Let $\Omega$ be the circumcircle of a triangle $ABC$ with $\angle CAB = 90^{\circ}$. The medians through $B$ and $C$ meet $\Omega$ again at $D$ and $E$, respectively. The tangent to $\Omega$ at $D$ intersects the line $AC$ at $X$ and the tangent to $\Omega$ at $E$ intersects the line $AB$ at $Y$. Prove that the line $XY$ is tangent to $\Omega$.

Let $ABCD$ be a convex quadrilateral such that $AC = BD$ and the sides $AB$ and $CD$ are not parallel. Let $P$ be the intersection point of the diagonals $AC$ and $BD$. Points $E$ and $F$ lie, respectively, on segments $BP$ and $AP$ such that $PC = PE$ and $PD = PF$. Prove that the circumcircle of the triangle determined by the lines $AB$, $CD$ and $EF$ is tangent to the circumcircle of the triangle $ABP$.

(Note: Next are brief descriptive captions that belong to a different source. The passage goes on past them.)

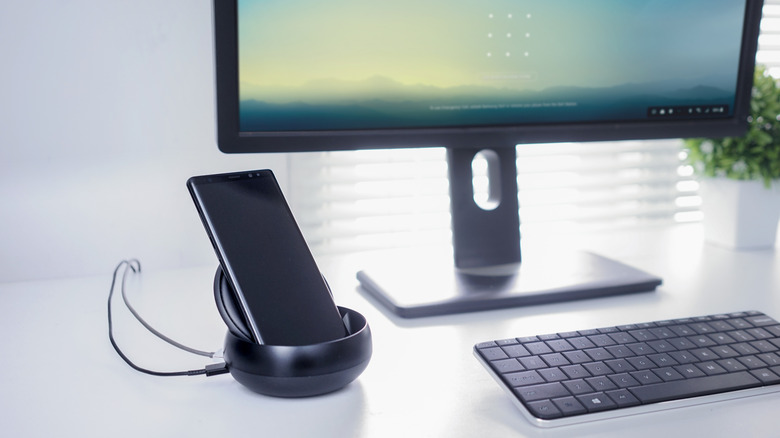 A Samsung Galaxy smartphone connected to a desktop monitor displaying the Samsung DeX interface.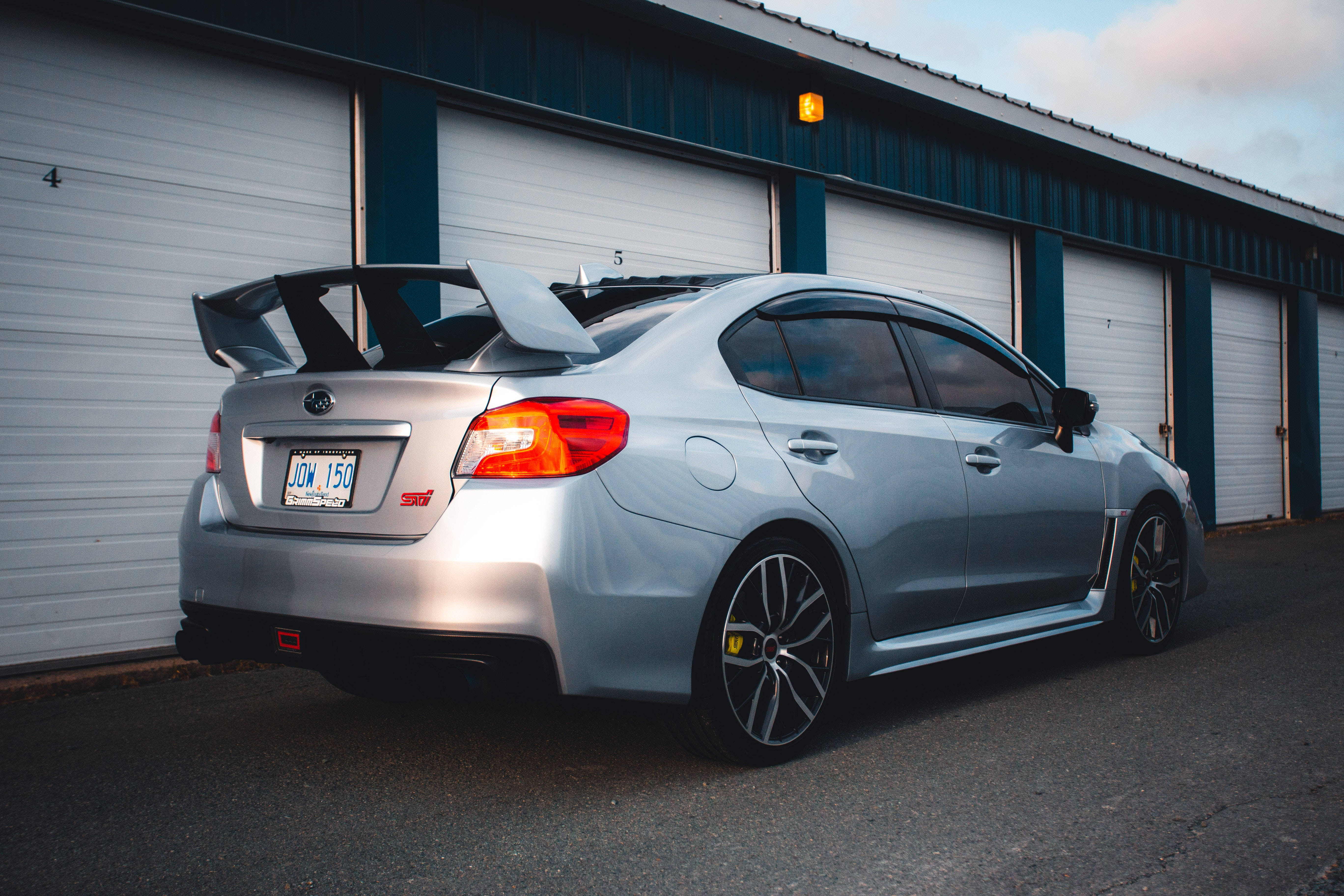 Sports Car 桌布 壁紙 — 一架銀色Subaru WRX STI配備大型尾翼，在黃昏時停泊在工業車庫門前。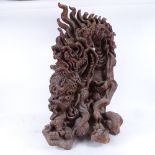 An African carved hardwood study of a dragon, height 72cm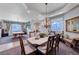 Elegant dining room with natural light, stylish furniture, and an open layout at 2714 Thomasville Ave, Henderson, NV 89052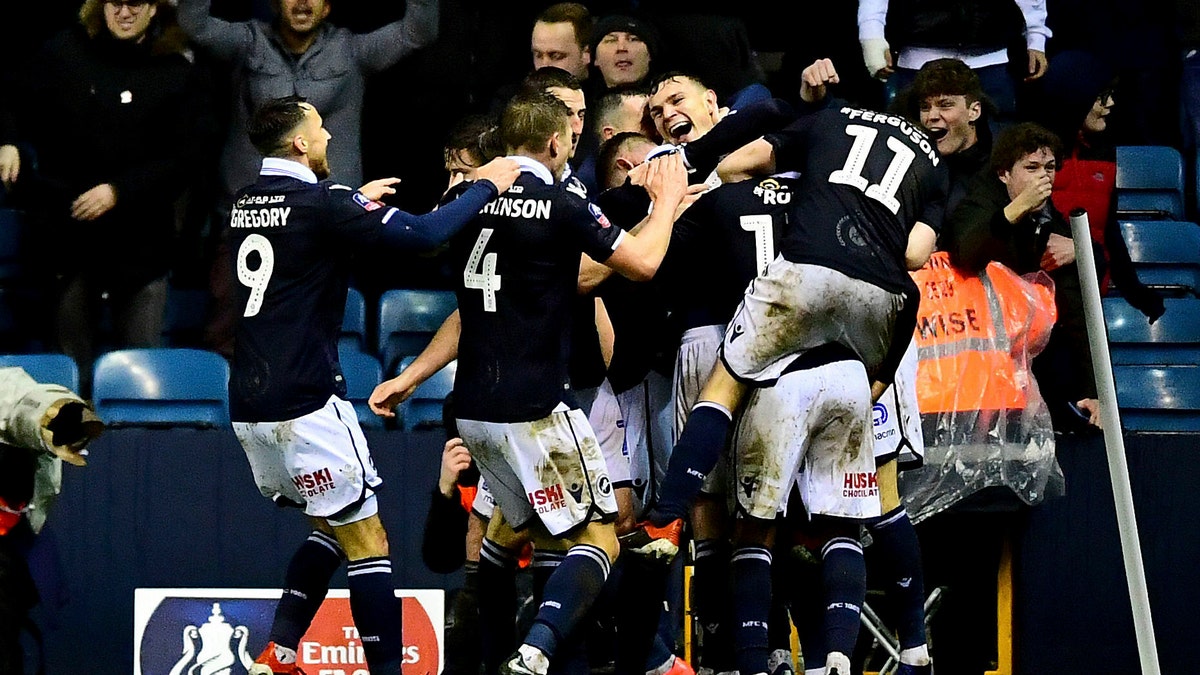 Millwall's Jake Cooper, centre, celebrates scoring his side's second goal of the game against Everton during their English FA Cup fourth round soccer match at The Den in London, Saturday Jan. 26, 2019.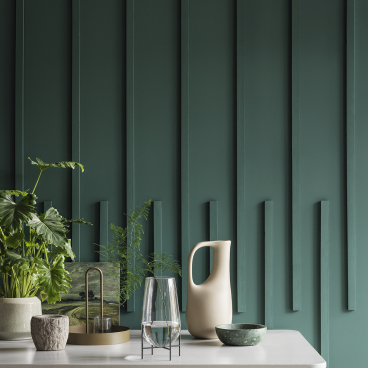 Stylish tabletop arrangement featuring greenery, modern ceramics, and a textured teal wall, highlighting SS22 color trends from Crown Paints.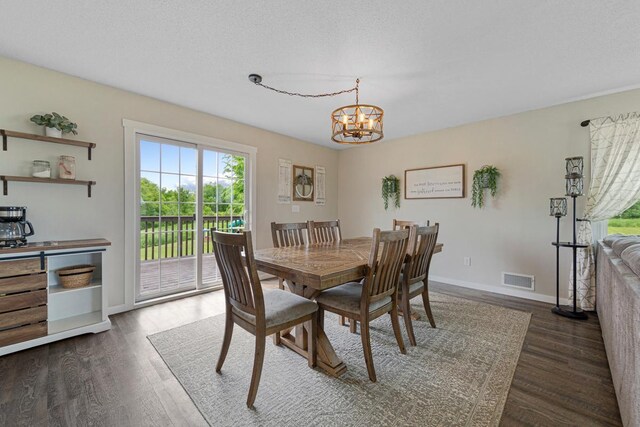 28145 State Highway 112, Le Sueur, MN 56058 - dining area featuring a chandelier, wood finished floors, and baseboards
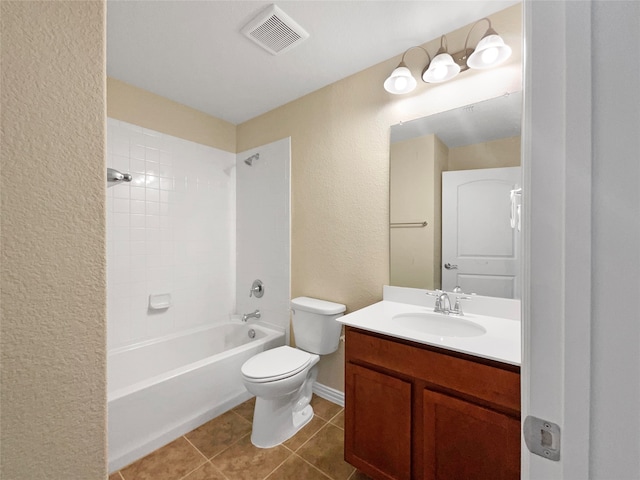 full bathroom featuring tile patterned flooring, vanity, toilet, and tiled shower / bath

Let $\mathbb{N}$ denote the set of positive integers. Determine all functions $f\colon \mathbb{N}\to \mathbb{N}$ such that $f(1)\leq f(2)\leq f(3)\leq \ldots$ and the numbers $f(n) + n + 1$ and $f(f(n)) - f(n)$ are both perfect squares for every positive integer $n$.

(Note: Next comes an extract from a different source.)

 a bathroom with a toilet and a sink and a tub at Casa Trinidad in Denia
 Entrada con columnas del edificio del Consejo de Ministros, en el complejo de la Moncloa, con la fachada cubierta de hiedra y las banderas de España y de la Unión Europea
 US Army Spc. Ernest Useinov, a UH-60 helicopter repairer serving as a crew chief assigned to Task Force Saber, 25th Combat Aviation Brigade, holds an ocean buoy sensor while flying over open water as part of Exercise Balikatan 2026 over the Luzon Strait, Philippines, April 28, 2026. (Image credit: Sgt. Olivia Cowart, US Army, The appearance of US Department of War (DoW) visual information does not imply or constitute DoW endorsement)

We call a positive integer cheesy if we can obtain the average of the digits in its decimal representation by putting a decimal separator after the leftmost digit. Prove that there are only finitely many cheesy numbers.

Example. For instance, 2250 is cheesy, as the average of the digits is 2.250.